HSBC’s $770,000 digital plus notes on three ETFs offer absolute return, uncapped upside

By Emma Trincal

New York, April 13 – HSBC USA Inc.’s $770,000 of 0% dual directional digital plus securities due April 14, 2026 linked to the least performing of the of iShares MSCI EAFE exchange-traded fund, the iShares MSCI Emerging Markets ETF and the iShares Russell 2000 Value ETF provide advantageous features for investors seeking to beat the market both on the upside and the downside. But high valuations are a concern for some.

If the least performing ETF finishes at or above its initial value, the payout at maturity will be par plus the greater of the return of the least performing ETF and 52%, according to a 424B2 filing with the Securities and Exchange Commission.

If the least performing ETF finishes below its initial value but at or above its barrier value, 70% of its initial value, the payout will be par plus the absolute value of the return of the least performing ETF.

If the least performing ETF finishes below its barrier value, investors will receive a number of shares of the least performing ETF equal to $1,000 divided by the initial value of that ETF.

Overbought

Billions have flowed into global equity funds and value assets, pushing up prices at unsustainable heights, said Steven Jon Kaplan, founder and portfolio manager of True Contrarian Investments.

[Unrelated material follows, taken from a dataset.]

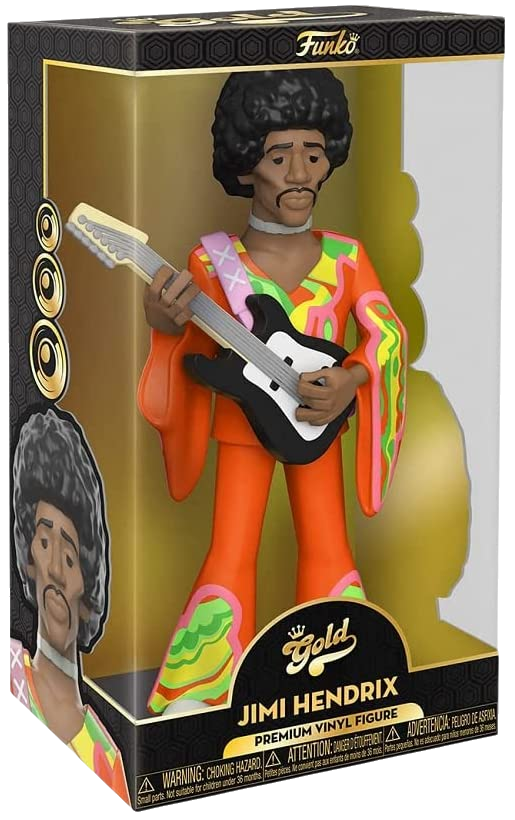 Funko Gold  Jimi Hendrix Premium Vinyl Figure 12" Rock Movie Heroes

“You’re really starting at extremely high levels, and that’s not a good thing,” he said.

“The emerging markets one may be a little bit less overbought, but it’s still quite high because it’s overweight China and India, which are both at super high points.”

The two countries combined represent nearly half of the fund’s portfolio, according to iShares’ website. China alone showed a 37.7% weighting.

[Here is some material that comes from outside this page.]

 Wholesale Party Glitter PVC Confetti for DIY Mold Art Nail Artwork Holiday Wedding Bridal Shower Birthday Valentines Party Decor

All three ETFs have been on a bullish momentum.

The Emerging Markets ETF rose 48% in the past year. In February, the fund hit a 13-year high.

The iShares MSCI EAFE ETF has also climbed, up 40% in the past 12 months. On Friday, the share priced notched a new record, its highest level since May 2008.

“The Value ETF has been going way up in recent months too,” Kaplan noted.

The iShares Russell 2000 Value ETF set an all-time high in March and has surged 84% in the past year.

“People are buying aggressively. You don’t really have any bargain on any of those three indices. That would to me be my main concern,” he said.

Bear scenario

The portfolio manager admitted that the upside was “quite generous” with the minimum return of 52% offered even if the worst-of fails to go up and finishes flat.

But the risk versus reward was not in favor of investors, he noted.

“Five years might seem like plenty of time for markets to recover, but it depends what type of market you’re talking about. If you get big price drops in the coming two or three years, which is what I expect, the question is: how much of a rebound do you need? You’ll need a big rebound,” he said.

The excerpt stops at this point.